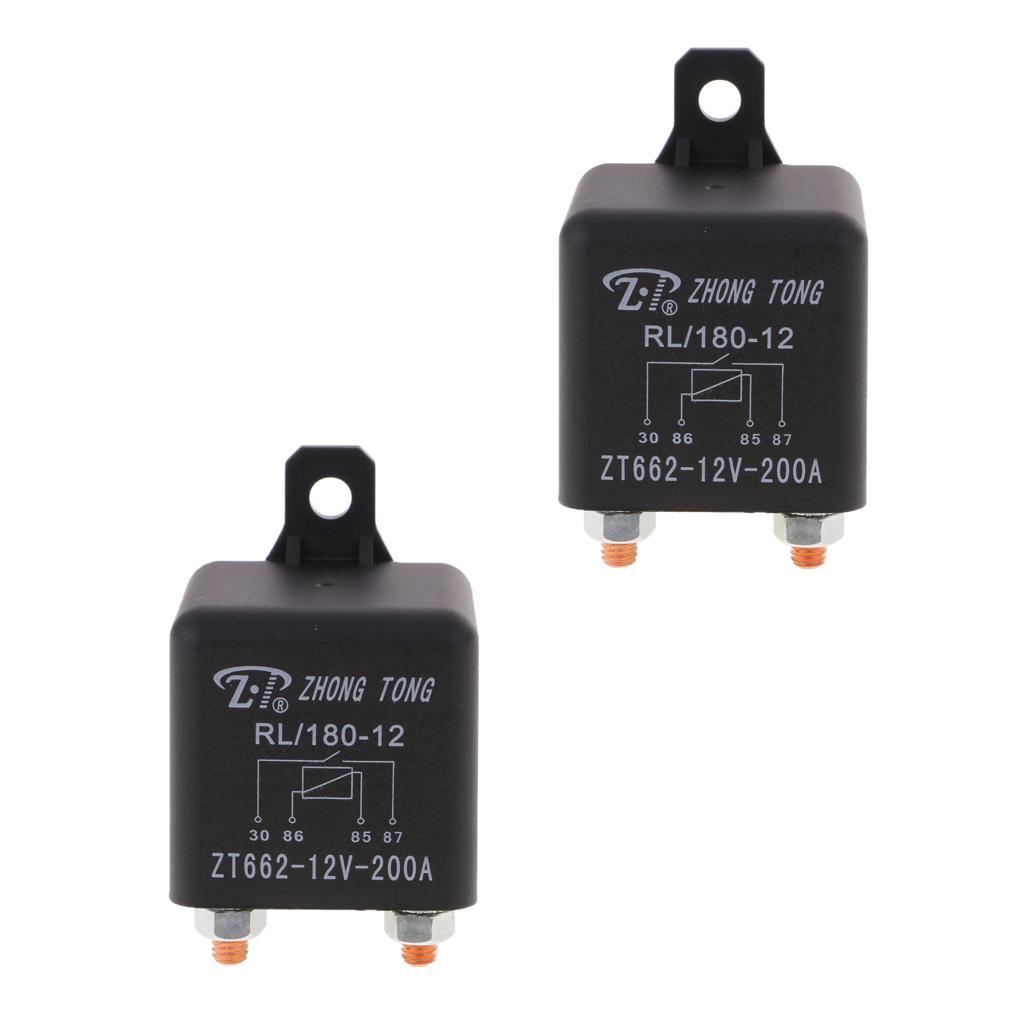 2 Pieces High Current Car Truck Motorcycle 4-Pins DC 12V 200A Relay Switch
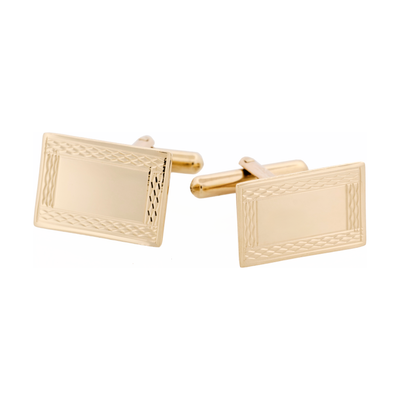 9ct Yellow Gold Rectangle Cufflinks with Engine Turn Border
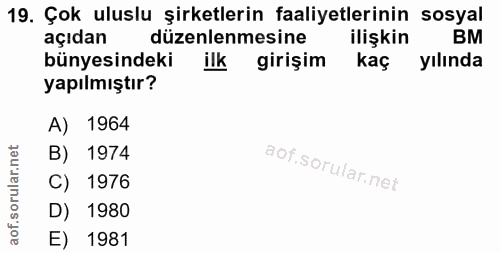 19. soru: Çok uluslu şirketlerin faaliyetlerinin sosyal açıdan düzenlenmesine ilişkin BM bünyesindeki ilk girişim kaç yılında y…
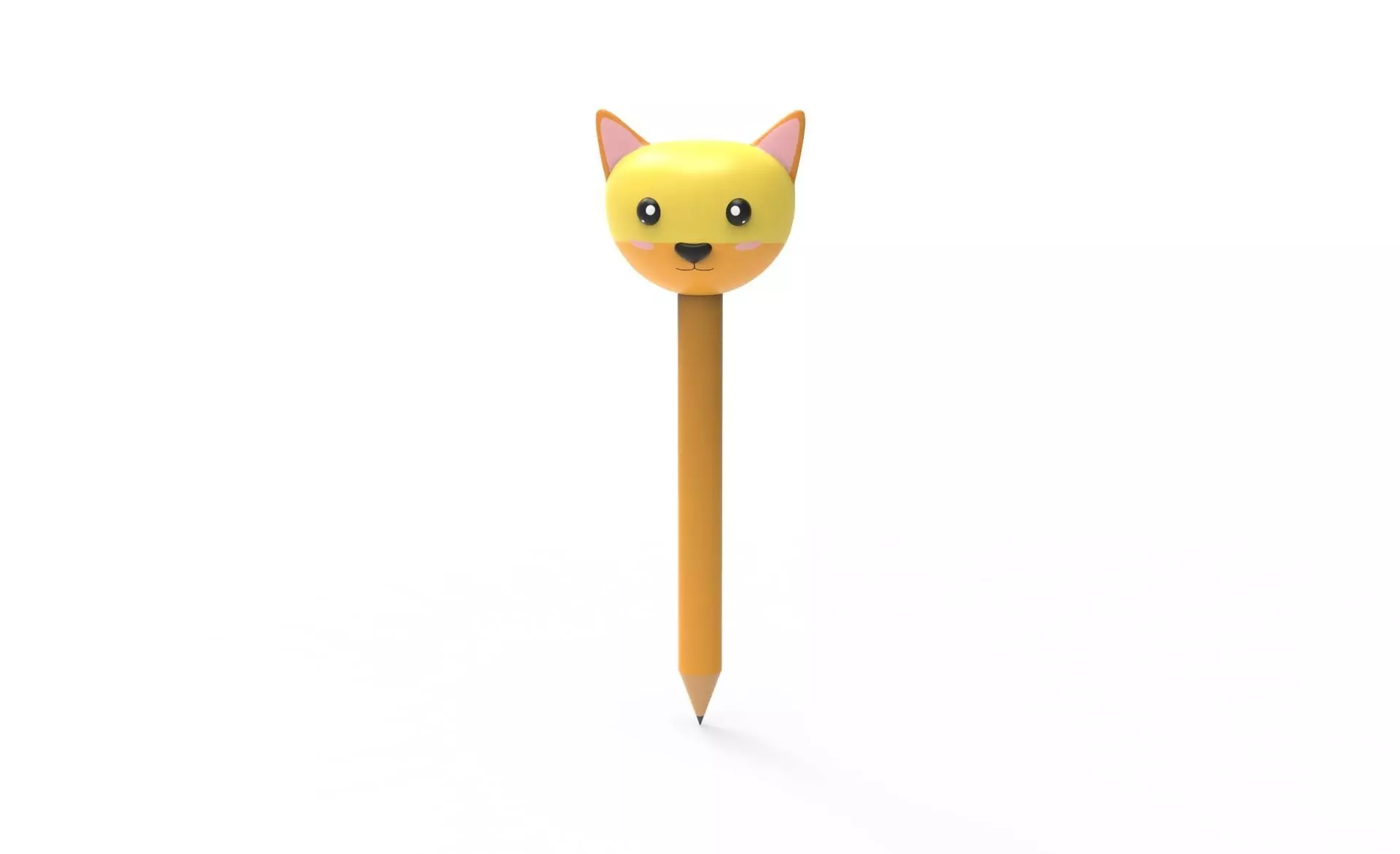 Pencil cat school supplies v001 Low-poly 3D model_0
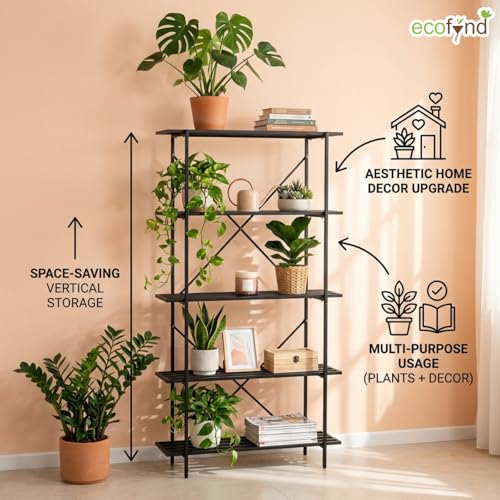 Image of ecofynd Oren Plant Stands for Outdoor Balcony, Flower Pot Stand for Indoor Plants, Large Metal Planter Stand for Living Room, Home Decor, Indoor & Outdoor Plants, 5 Tier, (PS-KR004-BLK)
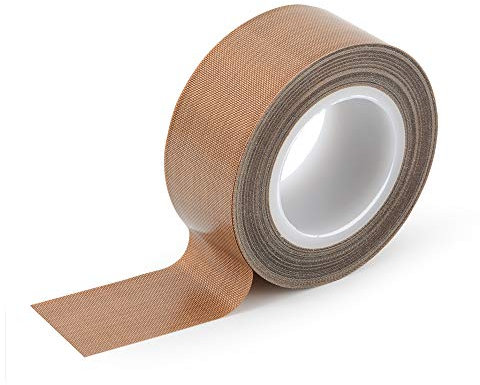 Ehdis Bande de Téflon, Ruban Adhésif de PTFE, Haute Température Ruban, Ruban Adhésif de Tissu de Verre Enduit PTFE pour scelleuses sous vide et impulsions manuelles sous vide, 5 m x 25 mm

┄┄┄┄┄┄┄┄┄┄┄┄┄┄┄┄┄┄┄┄

Task objective »
Could you set down the material above word for word while dropping its pictures?

Response to the exercise »
 2 Pieces High Current Car Truck Motorcycle 4-Pins DC 12V 200A Relay Switch
 9ct Yellow Gold Rectangle Cufflinks with Engine Turn Border
 19. soru: Çok uluslu şirketlerin faaliyetlerinin sosyal açıdan düzenlenmesine ilişkin BM bünyesindeki ilk girişim kaç yılında y…
 Pencil cat school supplies v001 Low-poly 3D model_0
 Image of ecofynd Oren Plant Stands for Outdoor Balcony, Flower Pot Stand for Indoor Plants, Large Metal Planter Stand for Living Room, Home Decor, Indoor & Outdoor Plants, 5 Tier, (PS-KR004-BLK)
 Ehdis Bande de Téflon, Ruban Adhésif de PTFE, Haute Température Ruban, Ruban Adhésif de Tissu de Verre Enduit PTFE pour scelleuses sous vide et impulsions manuelles sous vide, 5 m x 25 mm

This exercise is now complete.